Mothercare agrees to almost £40m in pension contributions in revised payment plan

Mothercare has confirmed the details of its revised five-year payment schedule to its pension schemes, which will reduce the short-term cash contributions to aim to protect the overall positioning through the improved financial covenant.

As reported by our sister title, Pensions Age, in total, the revised payment schedule will require contributions of £39.3m over the next five years, with £33.9m of this directed towards the staff scheme, and £5.4m to the executive scheme.

As part of the agreement, the company has also given the trustees of the Mothercare pension schemes second ranking security over the group’s assets.

The revised schedule, agreed to in January 2020, requires annual contribution to the pension scheme of £3.2m in 2021, £4.1m in 2022, £9m in 2023, £10.5m in 2024, £12m in 2025, £15m in 2026, as well as a further £5.7m in 2030.

The group noted however, that of the £12m payable in 2025, £3.4m of this will be paid in equal instalments from November onwards.

Furthermore, the group also clarified that it will pay up to £1.8m as an additional contribution added to the £3.4m in 2025 paid on the same basis.

However, this is subject to the £1.8m being reduced pound for pound for any amount that the sum of the Pension Protection Fund (PPF) levy due for the three years in September 2022, 2023, and 2024 exceeds £3m, and the assumption that when these payments fall due the group has at least £10m in its bank accounts after such payment.

In addition to these payments, Mothercare has confirmed that it will pay the missed contribution from March 2020 of £0.5m into the scheme after the drawdown of the new debt facility, therefore increasing the minimum payments in financial year 2021 to £3.7m.

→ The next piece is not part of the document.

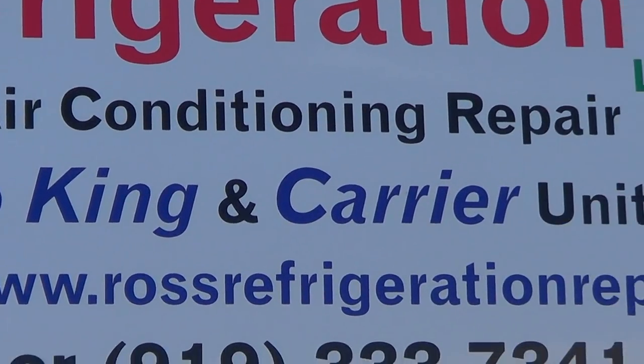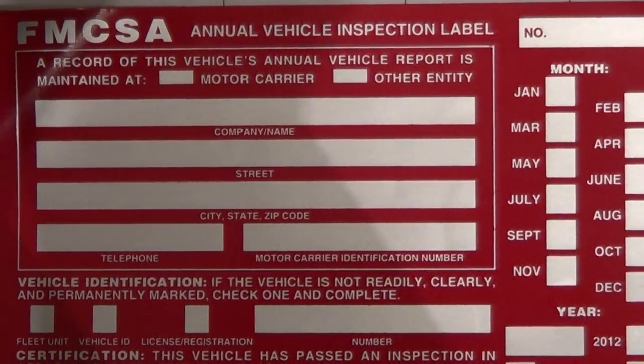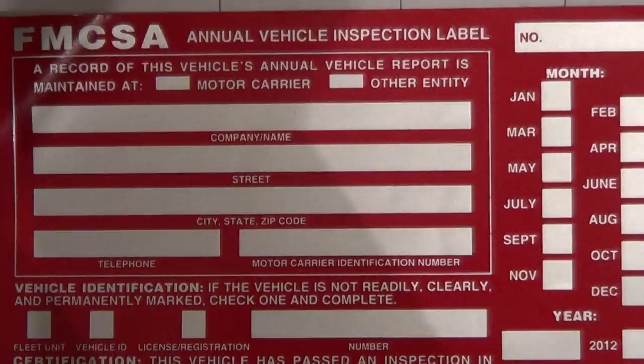WWW Ross Refrigeration Repairs. Ross Refrigeration is also certified to do DOT inspections on your trailers and your trucks. Let's talk about some of the DOT inspections.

The agreement formed part of the broader restructuring of Mothercare UK Limited, which the the group highlighted as a “necessary and unavoidable step” that preserved value, most notably within the pension fund, which might have otherwise faced "significant losses".

The group calculated the value of its pension liabilities at £28.8m as of 10 October 2020, compared to £11.2 million in 2019.

It stated that this represents a a “material decrease year-on-year”, which it attributed primarily to a fall in the discount rate assumption.